Proposition de loi visant à garantir un droit à la scolarisation des enfants dans les écoles maternelles dès l’âge de deux ans et instaurant l’obligation d’instruction dès l’âge de trois ans
présentée par Mesdames et Messieurs
Marie‑George BUFFET, Elsa FAUCILLON, Bruno Nestor AZEROT, Huguette BELLO, Alain BRUNEEL, André CHASSAIGNE, Pierre DHARRÉVILLE, Jean‑Paul DUFRÈGNE, Sébastien JUMEL, Jean‑Paul LECOQ, Jean‑Philippe NILOR, Stéphane PEU, Fabien ROUSSEL, Gabriel SERVILLE, Hubert WULFRANC.
Député‑e‑s.
EXPOSE DES MOTIFS
Mesdames, Messieurs,
La loi de refondation pour l’école de la République (loi n° 2013‑595) du 8 juillet 2013 a amorcé un travail indispensable redonnant progressivement sa place à l’école maternelle. Faisant écho à une promesse de campagne de François Hollande, cette loi n’a néanmoins pas permis d’augmenter significativement le taux de scolarisation entre deux et trois ans et n’a pas donné tous les moyens nécessaires aux communes afin d’assurer l’accueil adapté aux très jeunes enfants sur tout le territoire de la nation.

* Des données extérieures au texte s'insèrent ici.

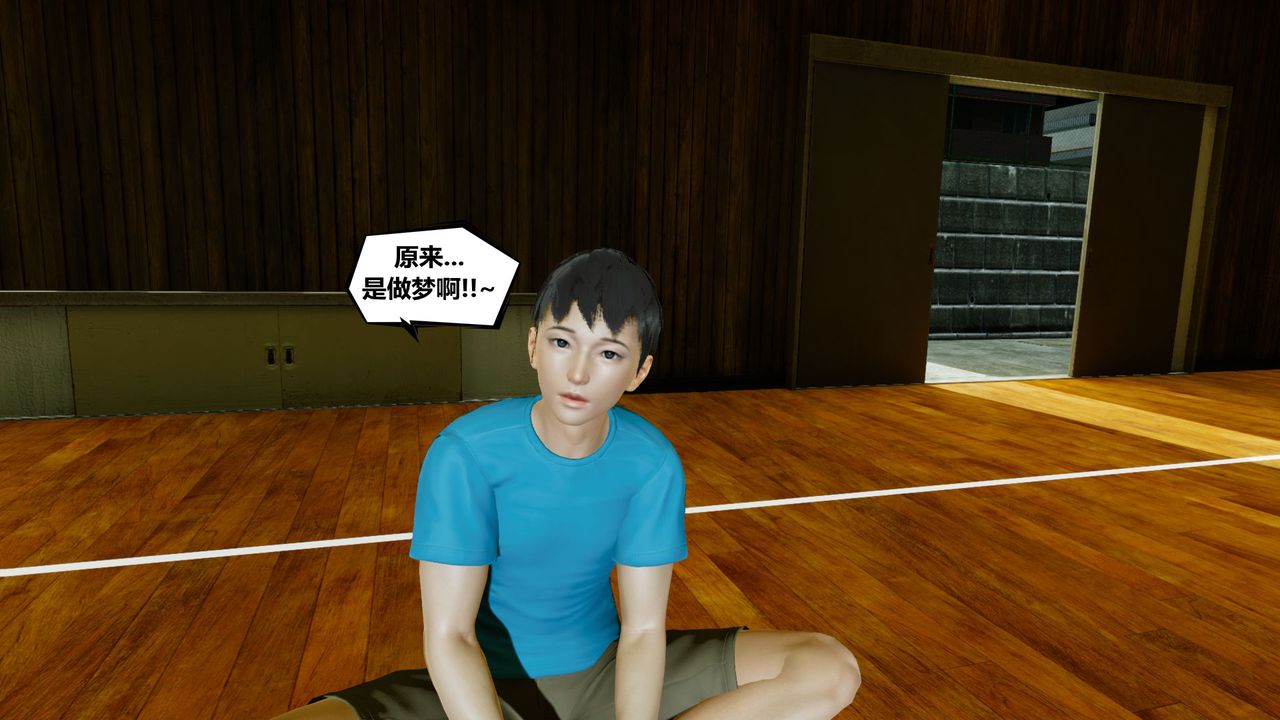 15.jpg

L’évolution des effectifs d’élèves de moins de trois ans est tributaire des politiques éducatives mises en œuvre. À la rentrée 2015, 11,5 % des enfants de deux à trois ans étaient scolarisés, soit 93 600 enfants, alors que ce taux était d’environ un tiers des enfants en 1999.
Néanmoins depuis 2013, des efforts ont été effectués afin d’augmenter ce taux dans les zones géographiques en difficultés. Ainsi, 19,3 % des enfants de moins de trois ans sont scolarisés en zone d’éducation prioritaire contre 9,8 % hors éducation prioritaire. Il convient désormais d’étendre le droit à la scolarisation dès deux ans sur tout le territoire.
De plus, les disparités territoriales sont importantes, tant les capacités de scolarisation des enfants de moins de trois ans sont soumises aux modalités démographiques et financières des communes, en charge de l’enseignement préélémentaire.
Ces disparités territoriales se traduisent par la présence massive ou non de classes spécifiques à la scolarisation des enfants de deux ans. Dans le département de la Seine‑Saint‑Denis à la rentrée 2015, sur les 918 enfants de moins de trois ans scolarisées, seuls 58 d’entre‑eux étaient intégrés dans des classes ordinaires. À l’inverse, d’autres départements ne possèdent que très peu de classes spécifiques.
De même, les collectivités territoriales ne s’approprient pas toutes de la même manière et avec la même intensité les possibilités ouvertes notamment par la loi de refondation pour l’école de la République. Il convient ainsi de fixer un cadre national précis, permettant à l’État d’accompagner les collectivités territoriales efficacement afin de rendre effectif le droit pour chaque enfant de plus de deux ans d’intégrer une petite section à l’école maternelle.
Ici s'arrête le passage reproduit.